If Georgia O’Keeffe for you is simply animal skulls on desert plains and sensual full-blown flowers, you are in for a surprise. Tate Modern presents a huge retrospective of the core six decades of her life (until 30 Oct), showing how the two strands of abstraction and modernism ran throughout her life. It is the single biggest exhibition of O’Keeffe ever outside the States, and celebrates a century since her first showing in New York at the 921 gallery, with the man who would become her husband, Alfred Stieglitz.
O’Keeffe was no retiring wallflower, saying famously, ‘Men put me down as the best woman painter… I think I am one of the best painters.’ The issue of gender has dogged her entire career, from her early painting days when she resisted claims that she couldn’t paint anything as masculine as Manhattan cityscapes, to the Seventies when her work was commandeered by feminists who celebrated the coded sexuality they found in her play of colour in the probing close-up of flowers.

Georgia O’Keeffe – Oriental Poppies 1927 Frederick R. Weisman Art Museum of the University of Minnesota
Looking at the Tate’s incredible range of her work, one sees an artist who followed her own very individual vision and left an indelible stamp on America’s Wild West, finding the arid region’s own form of wildflower in the skulls and sticks that dotted the landscape. At times it is difficult to separate the enormous public figure from the work, especially when you are faced with those ‘postcard’ pictures, or famous photographs of the artist as an angular young nude (Stieglitz) or a black-hatted elderly pioneer (Ansel Adams), but in all of that she continued to defy convention. In fact, it was those early nudes by Stieglitz, who was not only an influential New York gallery owner but also a photographer, that set the path for the gender labels O’Keeffe would spend her life trying to discard.
Georgia O’Keeffe – Lake George 1922 San Francisco Museum of Modern Art

Georgia O’Keeffe – From the Lake series
The first room recreates Gallery 921 in 1916, showing early charcoal abstracts, intense watercolour washes of landscapes and Red and Orange Streak, a vivid oil on canvas which combines the abstract and the landscape. More than many artists, there is no great schism between early and later works. Her images are very consistent, even though the palette and the subject may change: from pure abstraction, through the depictions of the East Coast lake where the family holidayed, to the aridity of New Mexico where she settled from 1949, to the last room showing her play with the infinity horizons she saw from planes.

Georgia O’Keeffe – Pedernal with Red Hills 1936 New Mexico Museum of Art
There is an intensity to the colours that can never be properly reproduced, so seeing the actual works is quite an experience.
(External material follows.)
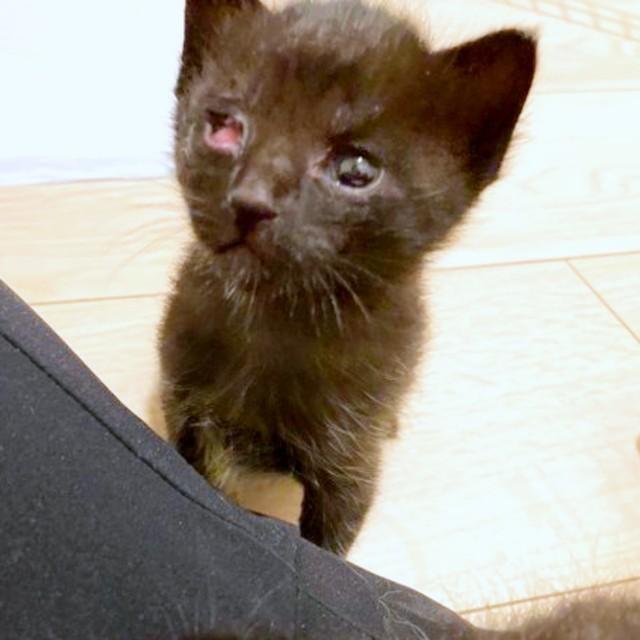 お迎え前、預りさん宅にいるころのリクくん（画像提供：くうちゃんちゃんとリク(の姉ちゃん)さん）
They are also smaller than I had imagined. The poster image of a white Morning Glory flower, a work that sold for a record $44 million, a few of the desertscapes, and the final cloudscape are over a metre, but most are not. They look like paintings made to hang in homes, not to impress in museums. O’Keeffe’s perspectives always surprise, whether in the exquisite flowers, her atmospheric portrayal of the canyons of midtown Manhattan or a tiny sliver of blue sky visible above the towering New Mexico mountains. The blue-greens of the Lake George period turn into the browner palette of the Southwest, yet even there she can find a view from her porch where the arid red rock seems cloaked in soft green growth. There are also paintings of such alien rock and mountain formations that even a faithful rendition of the surroundings would read as an abstract play of colour and line, such as images of the Black Place, where O’Keeffe would camp overnight. She called it “such a beautiful, untouched lonely-feeling place – part of what I call the Far Away”.

Georgia O’Keeffe – From the Faraway, Nearby 1937 The Metropolitan Museum of Art
O’Keeffe certainly brought a sense of Manhattan glamour to this faraway place. There is something about her flourishing as a woman in such a hostile physical environment that continues to intrigue the public. At the age of 90, when asked about her success, she said: “It takes a kind of nerve – and a lot of hard, hard work.” There are no paintings by Georgia O’Keeffe in any public British collection, so this really is a singular chance to experience the full range of this artist’s oeuvre and see the reality behind the myth.